Des chercheurs de Northwestern Western ont découvert un mécanisme qui, selon eux, contribue à l'accumulation de fer liée à l'âge dans le cerveau, qui, selon les scientifiques, est responsable du déclin cognitif. L'étude soutient l'hypothèse selon laquelle l'abaissement des niveaux de fer dans le cerveau peut lutter contre les maladies neurodégénératives telles que la maladie d'Alzheimer.
L'accumulation anormale de fer dans le cerveau a récemment été considérée comme une cause potentielle de déclin cognitif lié à l'âge. Plusieurs études au cours des dernières années ont trouvé un lien entre des niveaux élevés de fer dans le cortex cérébral et la maladie d'Alzheimer.
Il a été établi que l'accumulation de fer dans le cerveau peut causer des dommages oxydatifs et favoriser la mort cellulaire. Le vieillissement a également été associé à des niveaux accrus de fer dans divers tissus et organes, mais on ne sait pas quel mécanisme peut causer cette altération du métabolisme du fer liée à l'âge.
Le nouveau travail des scientifiques est une étude approfondie de la façon dont le fer s'accumule dans le corps avec l'âge et où il est principalement concentré dans le corps.

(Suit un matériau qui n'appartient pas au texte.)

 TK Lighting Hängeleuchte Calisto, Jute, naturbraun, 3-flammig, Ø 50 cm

Les chercheurs ont étudié des souris à différents âges et ont découvert pour la première fois que le cerveau semble être le seul organe dans lequel les concentrations de fer augmentent avec le temps.

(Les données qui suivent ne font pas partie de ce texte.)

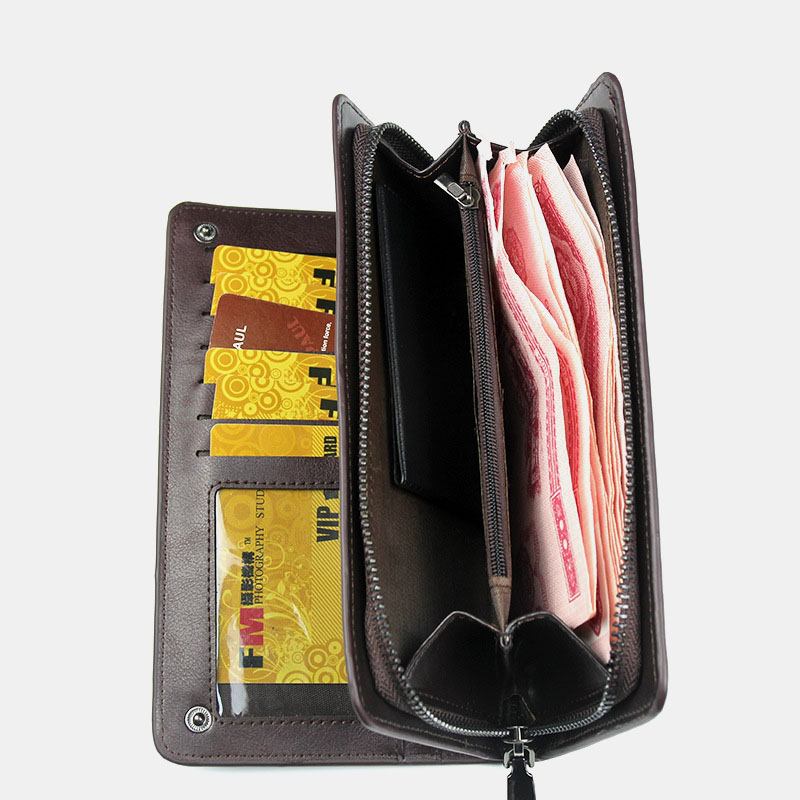 Män Faux Leather Long Wallet Business Money Zipper Wallet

En étudiant le cortex cérébral, une zone du cerveau connue pour être associée au déclin cognitif lié à l'âge, les chercheurs ont découvert que les souris plus âgées avaient des niveaux plus élevés d'une hormone connue sous le nom d'hepcidine.

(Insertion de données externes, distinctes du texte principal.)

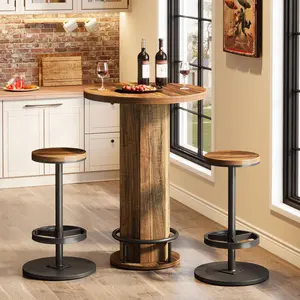 LITTLE TREE Round Bar Table with Chairs, Industrial Bistro Sets with 2 barstools, Pub Cocktail Table with Metal Ring Footrest for Kitchen Nook, Apartment, Small Space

L'une des principales fonctions de cette hormone peptidique, principalement sécrétée par les cellules hépatiques, est d'aider à réguler le métabolisme systémique du fer.
Lorsqu'elle est produite par les cellules cérébrales, l'hepcidine inhibe l'activité d'une protéine appelée ferroportine, qui aide à débarrasser les cellules nerveuses du fer.
Ainsi, une augmentation de la production d'hepcidine entraîne une diminution de l'activité de la ferroportine, ce qui entraîne une augmentation des niveaux de fer dans les régions cérébrales clés associées à la cognition.
"Nous avons ensuite évalué si l'augmentation de la teneur en fer dans le cortex cérébral des souris âgées était associée à une augmentation du stress oxydatif", expliquent les scientifiques.
« L'aconitase est une protéine contenant du Fe/S qui est très sensible au stress oxydatif. Nos résultats ont démontré une diminution de l'activité de l'aconitase cytosolique et mitochondriale dans le cortex cérébral des souris âgées, ce qui est cohérent avec l'idée que le stress oxydatif est augmenté dans le cerveau âgé."
Le fer est certainement une molécule essentielle pour des fonctions cellulaires saines.
Certains scientifiques ont émis l'hypothèse d'un lien entre les niveaux élevés de fer et la mortalité précoce. Cela a conduit à des recherches pour savoir si un traitement avec des médicaments appelés chélateurs du fer pouvait restaurer le métabolisme normal du fer chez les personnes ayant des niveaux élevés de fer.
Les chélateurs du fer sont généralement incapables de traverser la barrière hémato-encéphalique, mais seuls les chélateurs du fer sont connus pour pénétrer efficacement dans le cerveau et affecter les niveaux de fer dans le cerveau. Des essais cliniques sont déjà en cours pour tester si ce médicament peut ralentir la progression de la maladie d'Alzheimer.
"Tous les chélateurs ne franchissent pas la barrière, mais un le fait", a déclaré l'auteur principal Hossein Ardekhali. "Explorer cette thérapie possible est notre prochaine étape."
La nouvelle étude a été publiée dans la revue eLife.